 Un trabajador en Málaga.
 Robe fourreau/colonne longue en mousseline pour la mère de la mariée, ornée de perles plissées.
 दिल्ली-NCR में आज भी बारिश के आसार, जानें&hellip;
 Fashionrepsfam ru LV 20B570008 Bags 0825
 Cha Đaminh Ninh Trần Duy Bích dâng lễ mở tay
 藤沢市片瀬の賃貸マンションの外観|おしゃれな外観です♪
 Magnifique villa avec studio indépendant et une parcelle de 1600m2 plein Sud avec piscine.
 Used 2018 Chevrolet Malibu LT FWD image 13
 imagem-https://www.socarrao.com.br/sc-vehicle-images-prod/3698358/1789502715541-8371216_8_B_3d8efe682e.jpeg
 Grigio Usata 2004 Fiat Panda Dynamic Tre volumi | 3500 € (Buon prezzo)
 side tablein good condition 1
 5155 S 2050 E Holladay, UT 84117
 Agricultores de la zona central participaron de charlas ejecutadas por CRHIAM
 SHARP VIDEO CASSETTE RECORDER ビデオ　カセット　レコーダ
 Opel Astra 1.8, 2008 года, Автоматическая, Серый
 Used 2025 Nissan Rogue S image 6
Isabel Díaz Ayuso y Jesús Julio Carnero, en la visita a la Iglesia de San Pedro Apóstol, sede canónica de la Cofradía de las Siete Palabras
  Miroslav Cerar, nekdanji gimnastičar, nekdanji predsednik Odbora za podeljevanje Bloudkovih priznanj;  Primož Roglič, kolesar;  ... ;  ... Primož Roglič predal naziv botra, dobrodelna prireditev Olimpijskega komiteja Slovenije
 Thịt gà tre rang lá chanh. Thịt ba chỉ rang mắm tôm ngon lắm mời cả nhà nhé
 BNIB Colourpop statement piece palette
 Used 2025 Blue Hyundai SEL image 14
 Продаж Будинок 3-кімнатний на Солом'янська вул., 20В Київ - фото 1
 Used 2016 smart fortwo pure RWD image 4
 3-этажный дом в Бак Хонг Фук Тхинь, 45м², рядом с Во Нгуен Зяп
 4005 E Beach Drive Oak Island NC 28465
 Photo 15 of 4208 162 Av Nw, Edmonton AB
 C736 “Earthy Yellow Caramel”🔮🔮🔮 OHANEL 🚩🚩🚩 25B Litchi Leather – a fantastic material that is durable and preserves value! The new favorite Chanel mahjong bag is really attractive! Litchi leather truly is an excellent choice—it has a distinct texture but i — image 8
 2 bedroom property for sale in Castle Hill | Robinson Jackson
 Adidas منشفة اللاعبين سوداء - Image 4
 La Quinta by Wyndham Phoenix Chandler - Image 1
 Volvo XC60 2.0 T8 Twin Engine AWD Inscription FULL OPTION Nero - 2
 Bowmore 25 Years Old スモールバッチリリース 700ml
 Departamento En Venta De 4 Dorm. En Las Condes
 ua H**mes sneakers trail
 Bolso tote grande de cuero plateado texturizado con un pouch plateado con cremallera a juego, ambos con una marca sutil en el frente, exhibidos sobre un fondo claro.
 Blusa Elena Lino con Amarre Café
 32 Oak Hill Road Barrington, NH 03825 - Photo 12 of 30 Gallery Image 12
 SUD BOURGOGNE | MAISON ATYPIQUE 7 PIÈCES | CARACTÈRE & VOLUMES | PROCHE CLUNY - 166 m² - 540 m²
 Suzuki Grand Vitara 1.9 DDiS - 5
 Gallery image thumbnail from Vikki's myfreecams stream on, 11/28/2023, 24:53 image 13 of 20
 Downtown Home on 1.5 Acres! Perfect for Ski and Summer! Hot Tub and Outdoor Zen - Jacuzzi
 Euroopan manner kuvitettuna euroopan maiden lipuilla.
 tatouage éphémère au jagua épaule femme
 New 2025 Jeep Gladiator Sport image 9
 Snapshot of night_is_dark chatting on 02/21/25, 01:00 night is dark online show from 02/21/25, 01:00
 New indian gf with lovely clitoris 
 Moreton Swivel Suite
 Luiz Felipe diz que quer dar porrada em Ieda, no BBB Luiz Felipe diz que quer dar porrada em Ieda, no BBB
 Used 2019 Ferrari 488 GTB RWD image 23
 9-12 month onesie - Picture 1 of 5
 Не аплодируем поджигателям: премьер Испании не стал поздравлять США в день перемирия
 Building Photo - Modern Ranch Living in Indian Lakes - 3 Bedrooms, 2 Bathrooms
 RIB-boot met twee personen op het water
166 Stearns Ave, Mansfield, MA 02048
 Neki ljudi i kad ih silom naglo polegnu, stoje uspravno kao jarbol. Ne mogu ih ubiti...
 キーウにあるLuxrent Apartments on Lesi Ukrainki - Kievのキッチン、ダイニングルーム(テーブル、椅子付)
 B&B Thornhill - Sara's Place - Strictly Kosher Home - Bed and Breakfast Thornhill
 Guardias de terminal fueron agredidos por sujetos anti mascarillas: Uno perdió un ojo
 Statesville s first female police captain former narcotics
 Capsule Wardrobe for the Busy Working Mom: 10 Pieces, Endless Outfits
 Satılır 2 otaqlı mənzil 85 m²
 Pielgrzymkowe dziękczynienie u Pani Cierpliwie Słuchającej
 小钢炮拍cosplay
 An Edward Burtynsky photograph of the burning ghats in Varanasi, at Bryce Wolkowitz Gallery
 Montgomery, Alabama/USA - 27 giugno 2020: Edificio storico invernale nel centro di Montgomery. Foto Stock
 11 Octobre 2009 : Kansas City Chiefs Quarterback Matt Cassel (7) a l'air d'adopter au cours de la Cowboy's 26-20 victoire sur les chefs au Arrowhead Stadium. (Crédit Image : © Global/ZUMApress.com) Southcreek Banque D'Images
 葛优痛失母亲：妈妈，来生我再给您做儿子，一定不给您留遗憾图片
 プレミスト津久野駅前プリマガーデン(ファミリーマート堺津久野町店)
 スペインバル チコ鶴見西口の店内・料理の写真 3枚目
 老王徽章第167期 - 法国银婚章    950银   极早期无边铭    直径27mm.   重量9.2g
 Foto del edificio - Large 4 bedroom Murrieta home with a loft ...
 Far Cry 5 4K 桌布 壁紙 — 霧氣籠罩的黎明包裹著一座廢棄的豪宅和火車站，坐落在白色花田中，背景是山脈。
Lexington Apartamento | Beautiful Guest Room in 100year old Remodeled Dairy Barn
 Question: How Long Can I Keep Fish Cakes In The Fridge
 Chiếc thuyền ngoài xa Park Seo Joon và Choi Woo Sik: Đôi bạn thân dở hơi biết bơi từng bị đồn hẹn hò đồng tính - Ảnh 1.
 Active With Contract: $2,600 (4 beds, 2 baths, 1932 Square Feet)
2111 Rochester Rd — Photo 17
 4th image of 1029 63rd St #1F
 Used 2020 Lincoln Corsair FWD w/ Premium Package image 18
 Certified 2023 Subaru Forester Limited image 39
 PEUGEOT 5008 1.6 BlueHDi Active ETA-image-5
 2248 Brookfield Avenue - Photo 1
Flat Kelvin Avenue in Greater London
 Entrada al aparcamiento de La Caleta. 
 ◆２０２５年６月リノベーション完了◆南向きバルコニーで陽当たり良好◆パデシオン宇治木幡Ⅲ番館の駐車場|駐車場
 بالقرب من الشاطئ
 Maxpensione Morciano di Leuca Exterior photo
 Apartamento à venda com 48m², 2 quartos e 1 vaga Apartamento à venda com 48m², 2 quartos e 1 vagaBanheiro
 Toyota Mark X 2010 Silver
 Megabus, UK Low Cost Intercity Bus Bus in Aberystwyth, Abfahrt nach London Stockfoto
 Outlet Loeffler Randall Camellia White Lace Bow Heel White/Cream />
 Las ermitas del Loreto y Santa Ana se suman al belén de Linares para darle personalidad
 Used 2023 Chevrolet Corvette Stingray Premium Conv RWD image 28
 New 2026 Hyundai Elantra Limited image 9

[WHAT THE TASK ASKS]
Every line from the one containing "Las ermitas del" through the end of the entries above must be echoed exactly, with both ends kept.

[WRITTEN RESPONSE]
 Las ermitas del Loreto y Santa Ana se suman al belén de Linares para darle personalidad
 Used 2023 Chevrolet Corvette Stingray Premium Conv RWD image 28
 New 2026 Hyundai Elantra Limited image 9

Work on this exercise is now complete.